Central in critical commentary are the deconstruction and contextualisation of Hitler’s book. How did his theses arise? What aims was he pursuing in writing Mein Kampf? What social support did Hitler’s assertions have among his contemporaries? What consequences did his claims and asseverations have after 1933? And in particular: given the present state of knowledge, what can we counterpose to Hitler’s innumerable assertions, lies and expressions of intent?

This is not only a task for historiography. In the view of the powerful symbolic value still attached to Hitler’s book, the task of demystifying Mein Kampf is also a contribution to historical information and political education.


What is Mein Kampf?

Mein Kampf is Hitler’s most important programmatic text. He composed it between 1924 and 1926 in two volumes. In a strongly stylized form, Volume 1 centres on Hitler’s biography and the early history of the Nazi party (NSDAP) and its predecessor organization, the German Workers’ Party (Deutsche Arbeiterpartei, DAP). Volume 2 mainly deals with the political programme of the National Socialists. Large sections of Volume 1 were written during Hitler’s incarceration in Landsberg am Lech subsequent to his abortive coup attempt in November 1923. Its failure, his imprisonment and the prohibition of the NSDAP interrupted Hitler’s political career. He utilised this time in order to weld everything that he had previously experienced, read and thought into an ideology in written form, and to develop a new perspective and strategy for his now outlawed party. After his release from prison, Hitler wrote much of the second volume at his mountain retreat in Obersalzberg. Once Hitler was installed as Reich Chancellor in January 1933, sales of the book skyrocketed, and it became a bestseller. Down to 1945, it was translated into 18 languages and 12 million copies were sold.

After Hitler’s suicide and the collapse of the Nazi regime in 1945, the victorious Allied powers transferred the rights to Hitler’s book to the Free State of Bavaria. The Bavarian state government had then repeatedly employed the copyright in its possession to prevent any new printing of the work. But with the expiration of the copyright 70 years after Hitler’s death, effective since 1 January 2016, this legal instrument was no longer available.

Why a critical scholarly edition?

Mein Kampf is one of the central source documents of National Socialism. Writing in 1981, the historian Eberhard Jäckel stressed its importance and impact: ‘Perhaps never in history did a ruler write down before he came to power what he was to do afterwards as precisely as Adolf Hitler. For that reason alone, the document deserves attention. Otherwise the early notes and accounts, speeches and books that Hitler wrote would at best be solely of biographical interest. It is only their translation into reality that raises them to the level of a historical source’.
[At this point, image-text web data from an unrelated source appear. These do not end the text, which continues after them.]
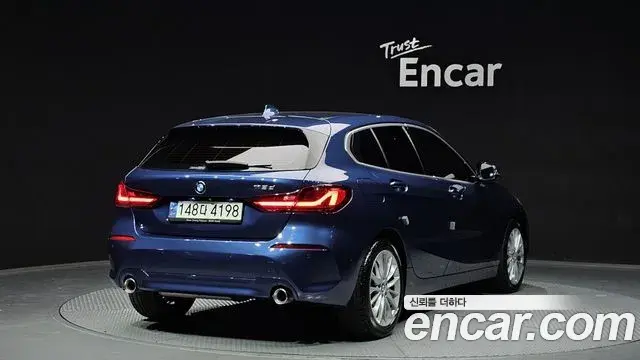 BMW 1 Series 2021 — ფოტო 20/20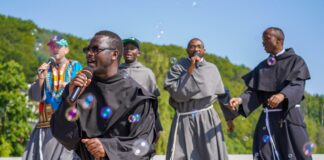 Polonia: picnic “Ballo africano” balafryka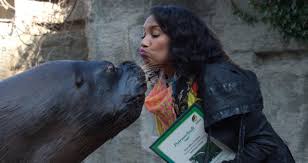 Die musik wurde von alan menken komponiert, hat aber keinen bezug zur filmmusik. Ana Milva Gomes Ubernimmt Patenschaft News Musical Vienna Vbw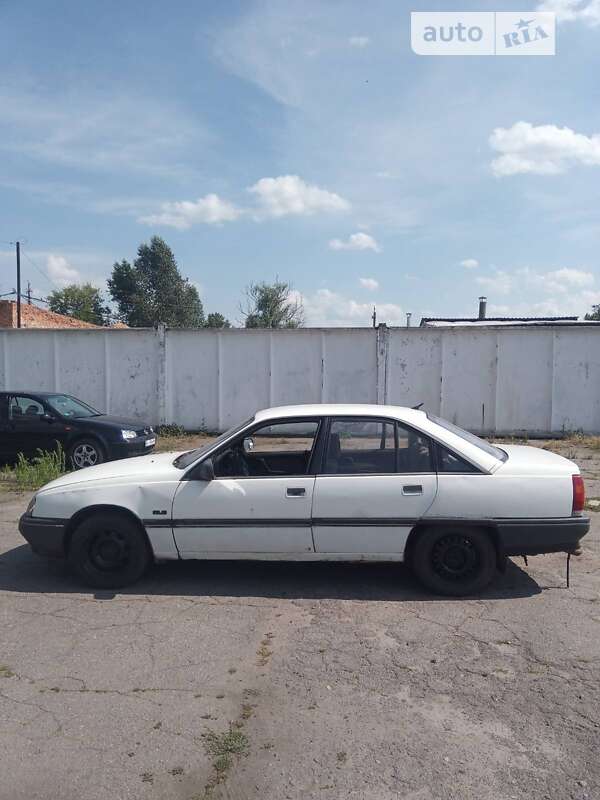 Седан Opel Omega 1987 в Миргороде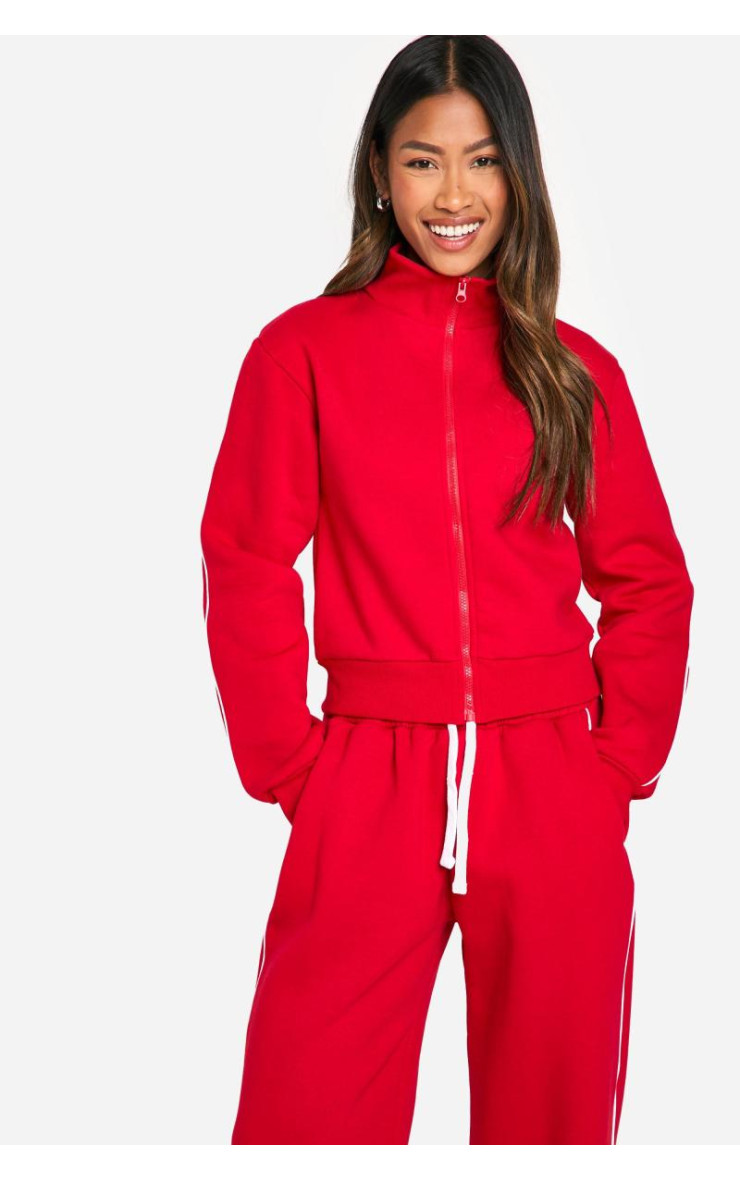 СВІТШОТ І СПОРТИВНИЙ КОСТЮМ ДЛЯ БІГІВ З ПРЯМИМИ НОГАМИ НА БЛИЗКІ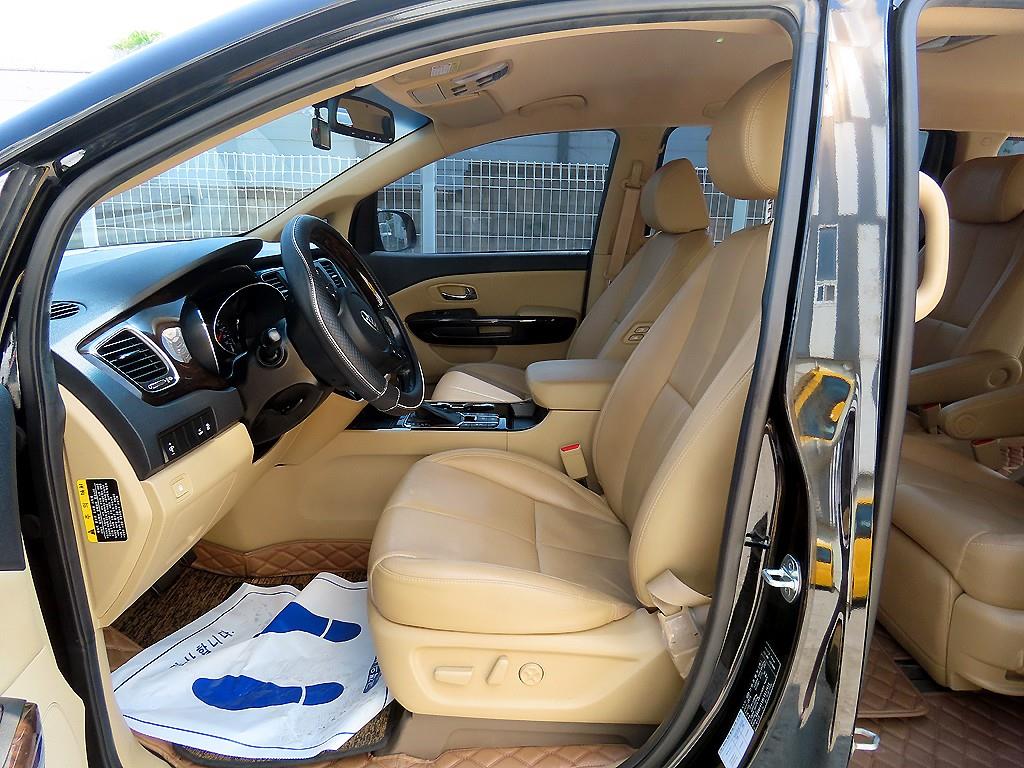 KIA Carnival - Vista 5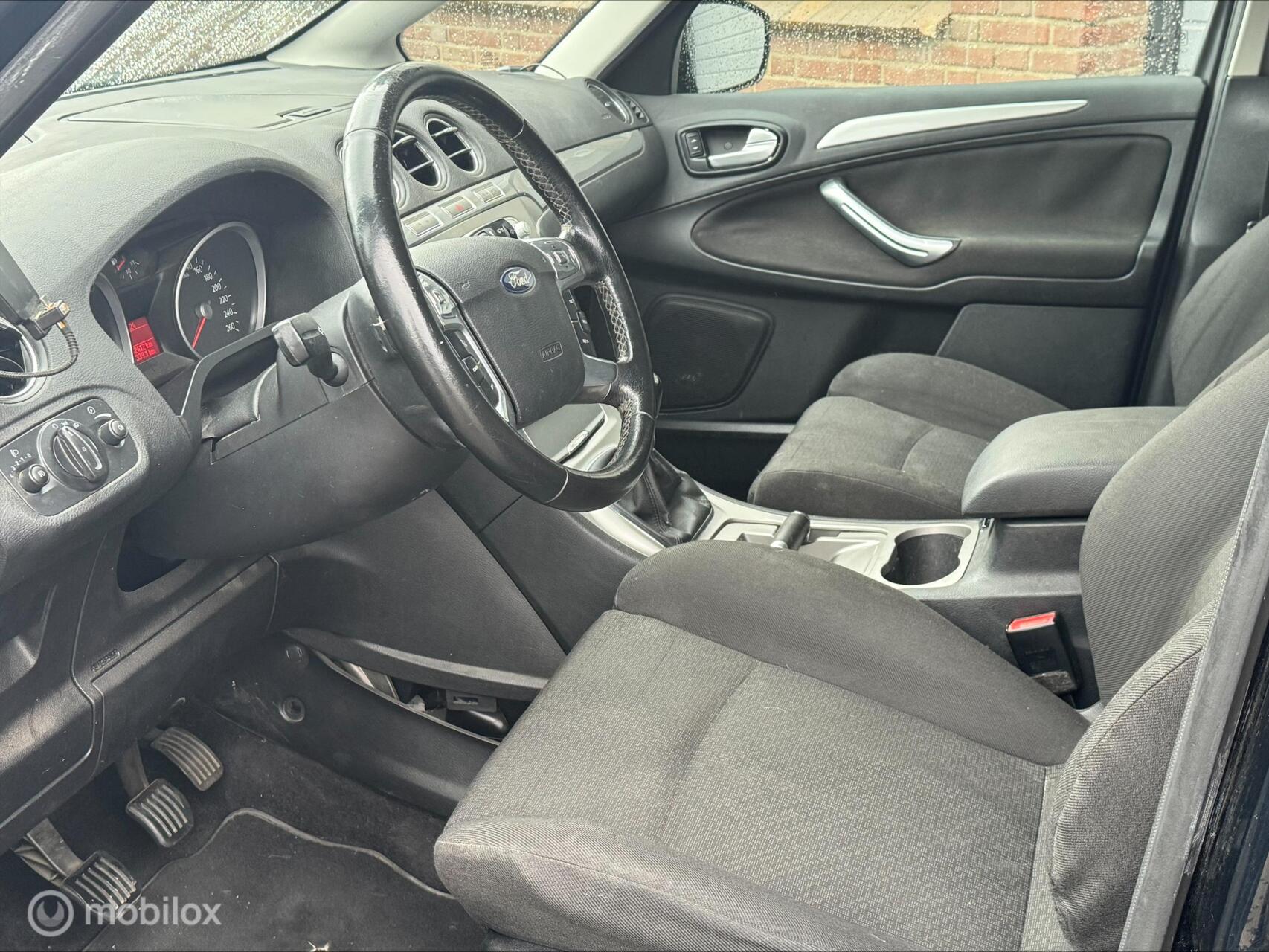 Foto van Ford S-max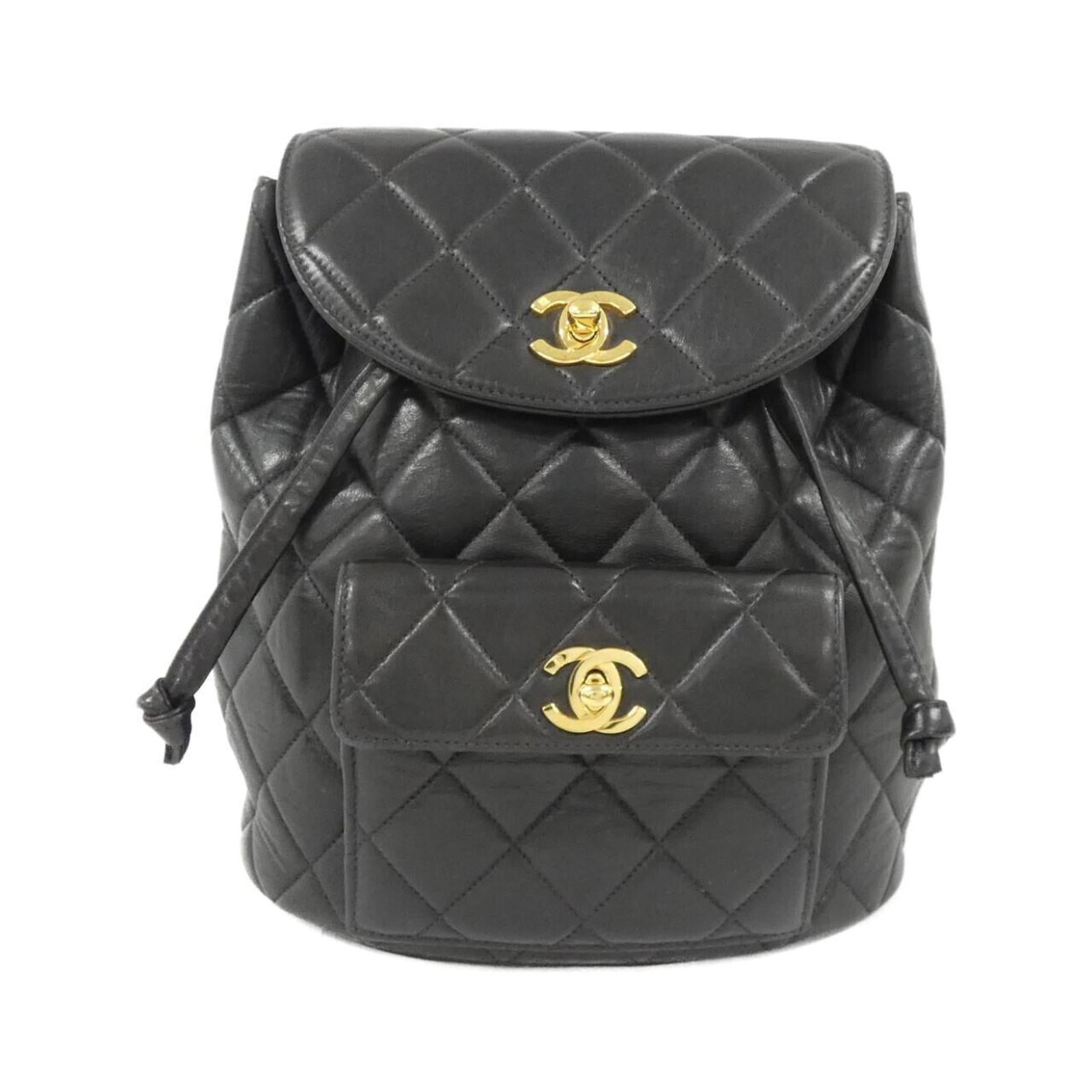 Backpack Leather from Chanel: Backpack Leather from Chanel This luxurious Chanel backpack is crafted from high-quality lambskin leather, offering a sleek and sophisticated design. Measuring 25cm x 22cm x 10cm, it provides ample sp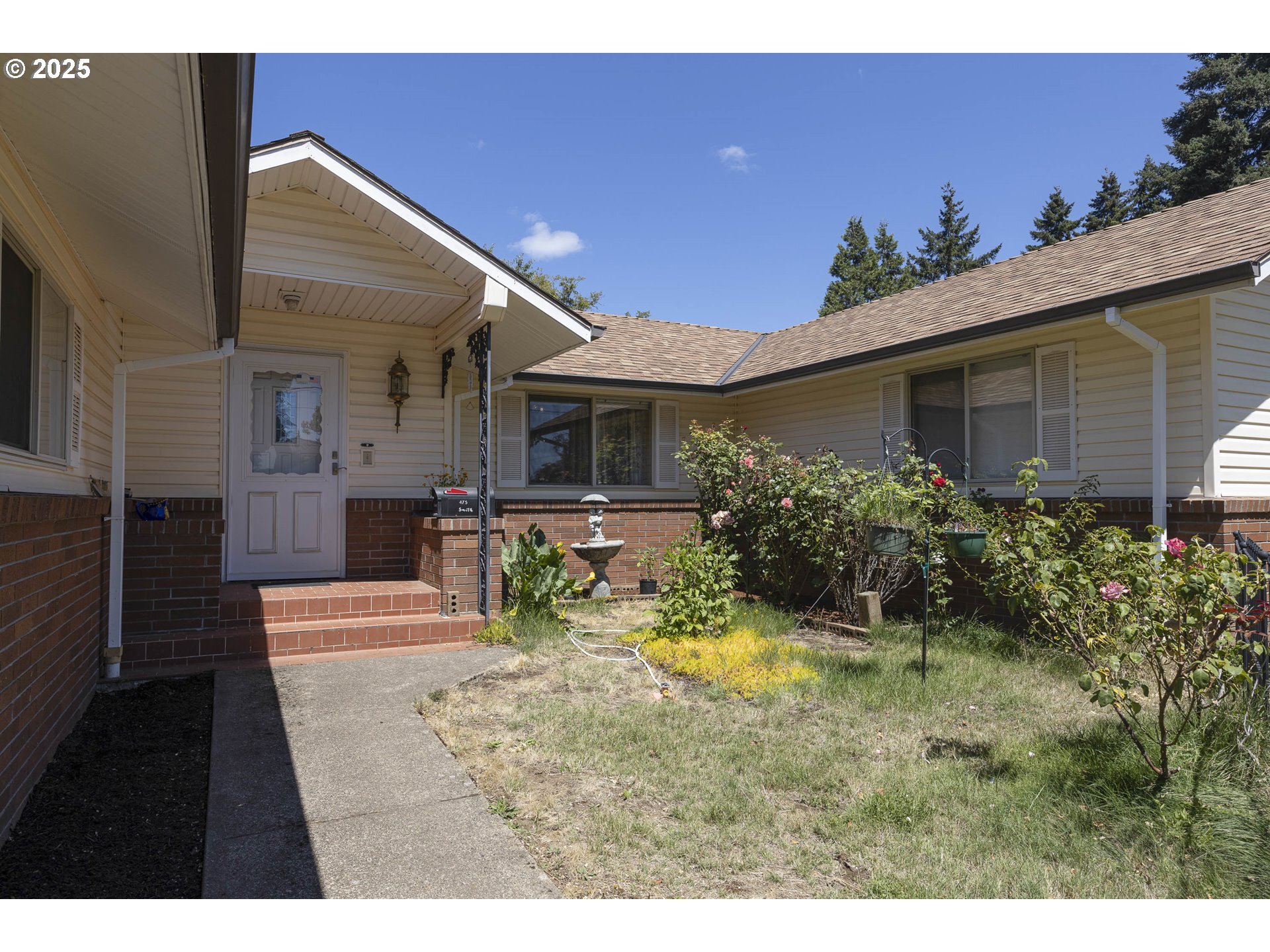Property Photo:  475 SW Monroe St  OR 97378 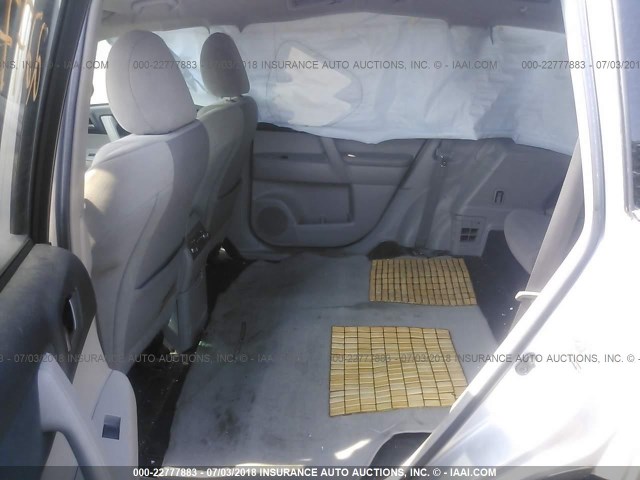 5TDBK3EH8CS120830 - 2012 TOYOTA HIGHLANDER SE SILVER photo 8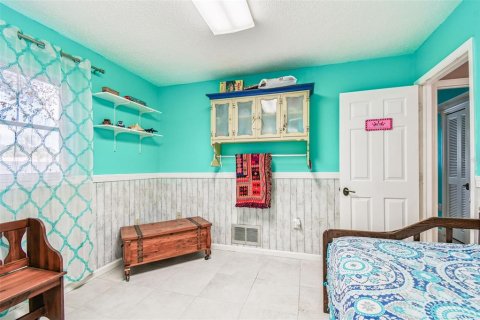 House in Seminole, Florida 3 bedrooms, 162.95 sq.m. № 1894071 - photo 25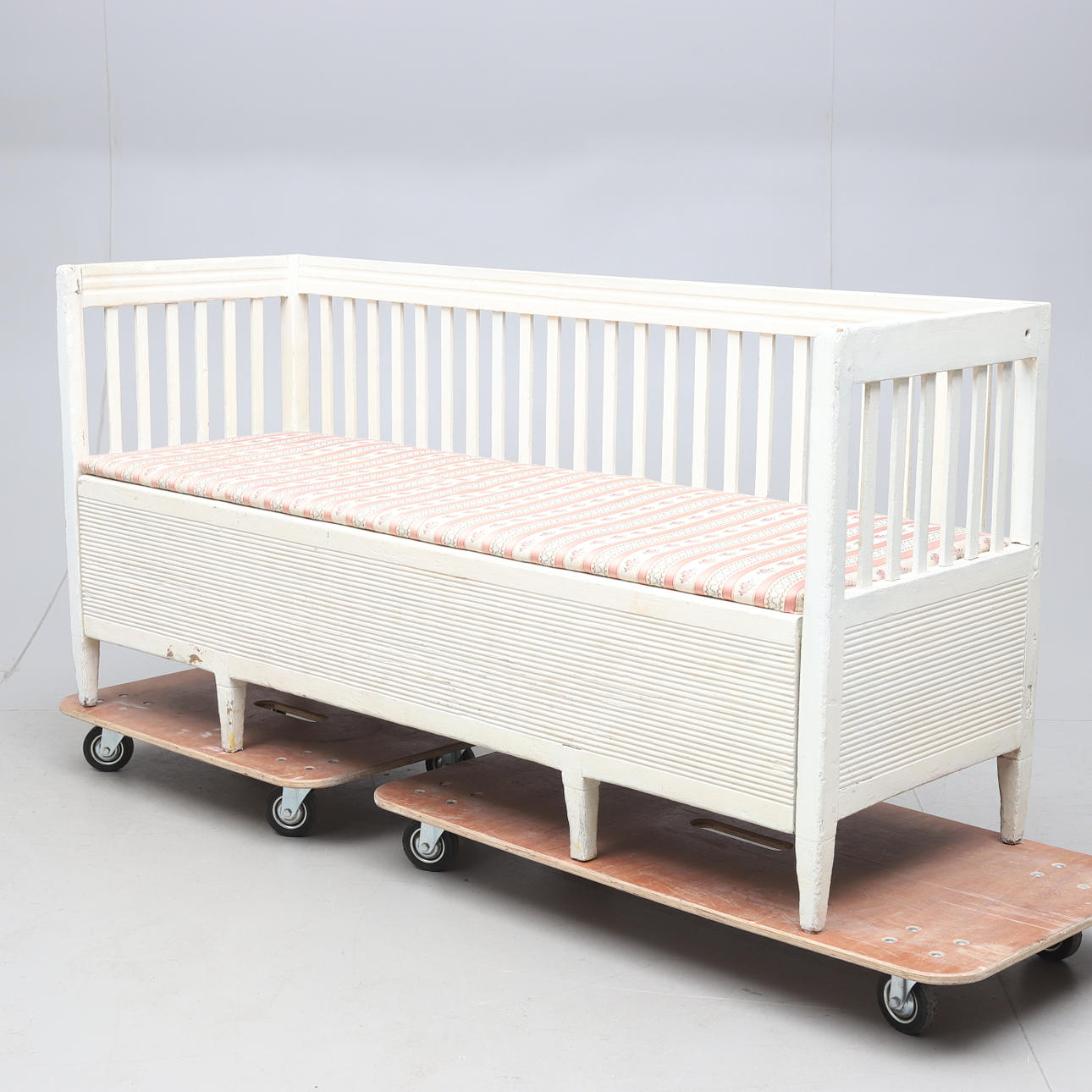 VERLÄNGERTES SOFA, 19./20. Jahrhundert.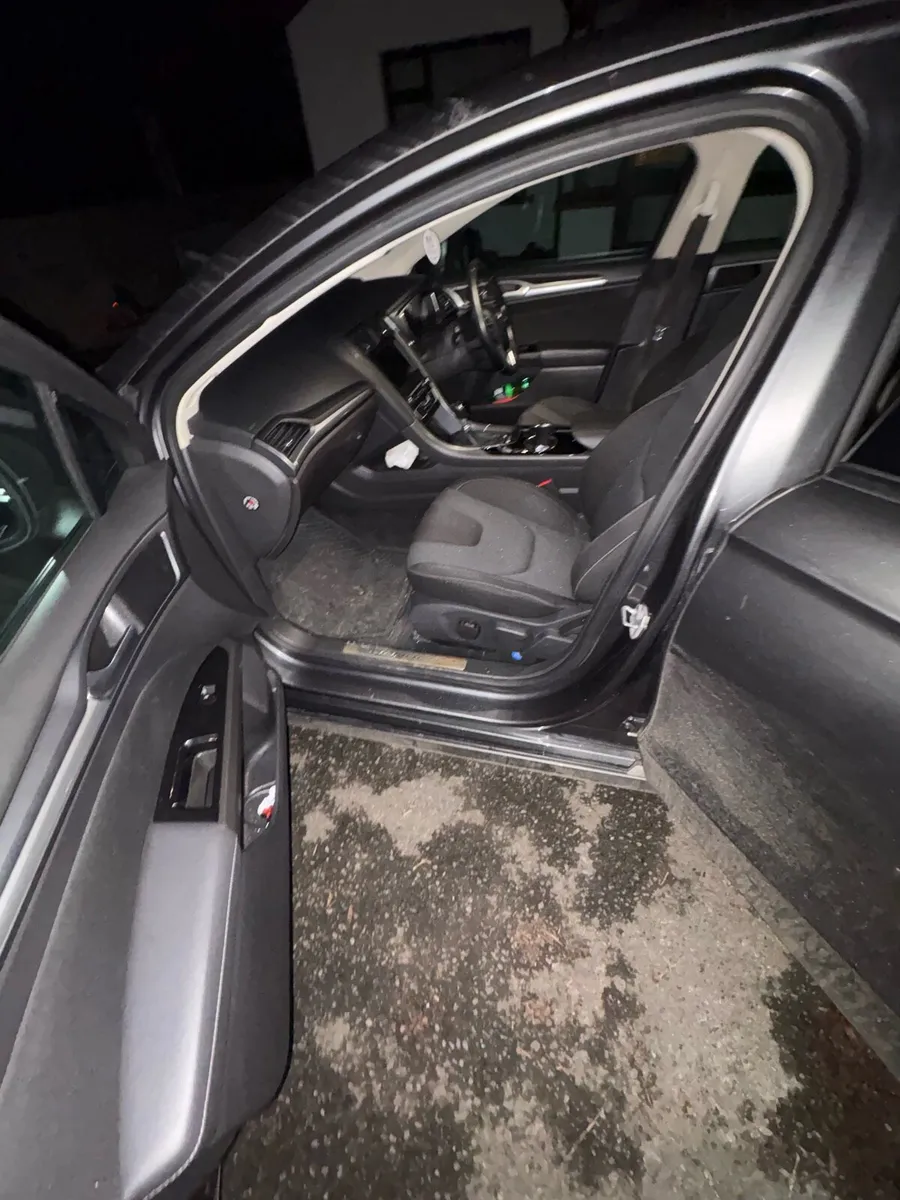 2016 ford mondeo - Image 4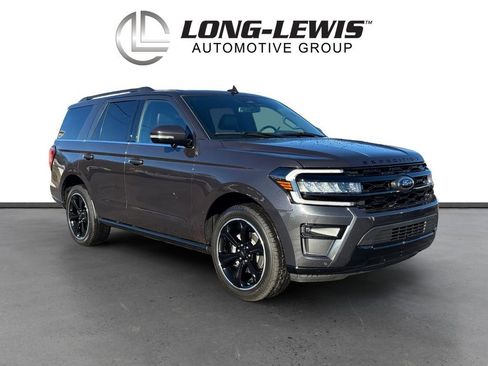 Used 2023 Ford Expedition Limited image 10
Hitler’s politics, the war and crimes he initiated, changed the world completely. It was for that reason that all extant texts he authored – his speeches, his early notes and observations, his conversations with diplomats, his ‘monologues’ in the Führer Headquarters, his instructions for the conduct of the war and finally likewise his last will and testament − were published long ago. For a long time, however, there was no scholarly version of Hitler's most comprehensive and, in some ways, most personal testimony. Only excerpts of Mein Kampf were published - a gap that had long been considered a desideratum in research on National Socialism.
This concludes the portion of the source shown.